Comparison of different modes of tranexamic acid administration in patients undergoing total knee arthroplasty.

Tranexamic acid. Patients will be assigned to one of 2 treatment groups: 1. Group 1 (Intra-articular TXA group) will receive 100 ml of Saline intravenously, 5 minutes before incision, 3000mg (30ml) of TXA injected in to the knee joint after wound closure and two doses of 100 ml of Saline intra-venously at 8 hourly intervals post-operatively. 2. Group 2 (Intravenous TXA group) will receive 1000mg of TXA in 100ml Saline intravenously 5 minutes before incision and 30ml of Saline injected in to the knee joint after wound closure to make the group comparative with Group 1 and also provide a tamponade effect.
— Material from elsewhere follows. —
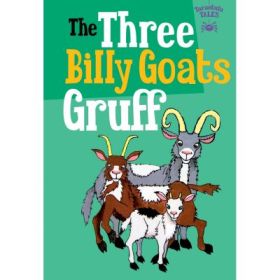 The Children's Fairy Tale Collection. The Three Billy Goats Gruff - Judy Hamilton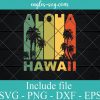 Aloha Hawaii Hawaiian Island SVG PNG EPS DXF Cricut Cameo File Silhouette Art - Summer Svg, Beach Svg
Another 1000mg dose of TXA (in 100ml Normal Saline over 15 minutes) will be repeated at 8 hourly intervals post-operatively for another two doses. Patients undergoing primary total knee arthroplasty will be invited to take part in the study and informed written consent will be obtained from willing participants. Patients undergoing bilateral TKA, those with history of thromboembolic events (deep vein thrombosis, pulmonary embolism or cerebrovascular accident), renal dysfunction (plasma Creatinine level >130 mmol/L) or coagulopathy (INR > 1.4) will be excluded. Also patients with pre-operative anemia (Hb < 120 for females and Hb < 130 for males) will be excluded.